**PROBLEM**.
Scan the records for the word "Image". Report each line where it occurs.
........
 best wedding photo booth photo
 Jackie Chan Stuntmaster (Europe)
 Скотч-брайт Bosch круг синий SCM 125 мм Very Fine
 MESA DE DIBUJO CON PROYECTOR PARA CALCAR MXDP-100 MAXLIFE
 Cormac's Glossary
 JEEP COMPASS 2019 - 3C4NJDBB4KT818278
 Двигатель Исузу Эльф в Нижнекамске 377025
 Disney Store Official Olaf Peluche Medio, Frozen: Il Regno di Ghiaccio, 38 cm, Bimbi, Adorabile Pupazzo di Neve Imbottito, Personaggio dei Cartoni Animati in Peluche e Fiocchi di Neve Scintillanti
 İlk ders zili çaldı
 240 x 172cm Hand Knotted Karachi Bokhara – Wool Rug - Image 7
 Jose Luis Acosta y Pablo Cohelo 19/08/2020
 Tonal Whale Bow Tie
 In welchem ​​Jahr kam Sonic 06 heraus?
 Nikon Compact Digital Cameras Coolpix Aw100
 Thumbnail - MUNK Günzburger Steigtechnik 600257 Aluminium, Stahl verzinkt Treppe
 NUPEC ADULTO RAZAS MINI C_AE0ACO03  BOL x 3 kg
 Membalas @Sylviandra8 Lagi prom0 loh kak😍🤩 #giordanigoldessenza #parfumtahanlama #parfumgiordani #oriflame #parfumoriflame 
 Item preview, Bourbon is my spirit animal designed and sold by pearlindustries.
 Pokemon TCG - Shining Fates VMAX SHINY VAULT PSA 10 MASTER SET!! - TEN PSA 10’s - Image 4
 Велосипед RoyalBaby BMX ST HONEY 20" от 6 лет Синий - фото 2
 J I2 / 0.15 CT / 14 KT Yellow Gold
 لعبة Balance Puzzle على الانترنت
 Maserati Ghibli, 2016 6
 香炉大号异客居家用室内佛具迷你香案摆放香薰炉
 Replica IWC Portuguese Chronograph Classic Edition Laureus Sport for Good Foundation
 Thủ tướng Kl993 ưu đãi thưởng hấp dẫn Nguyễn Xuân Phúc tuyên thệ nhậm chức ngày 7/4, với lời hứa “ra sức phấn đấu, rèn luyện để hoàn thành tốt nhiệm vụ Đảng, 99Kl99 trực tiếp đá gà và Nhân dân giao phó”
........
**TASK RESULT**.
 240 x 172cm Hand Knotted Karachi Bokhara – Wool Rug - Image 7
 Pokemon TCG - Shining Fates VMAX SHINY VAULT PSA 10 MASTER SET!! - TEN PSA 10’s - Image 4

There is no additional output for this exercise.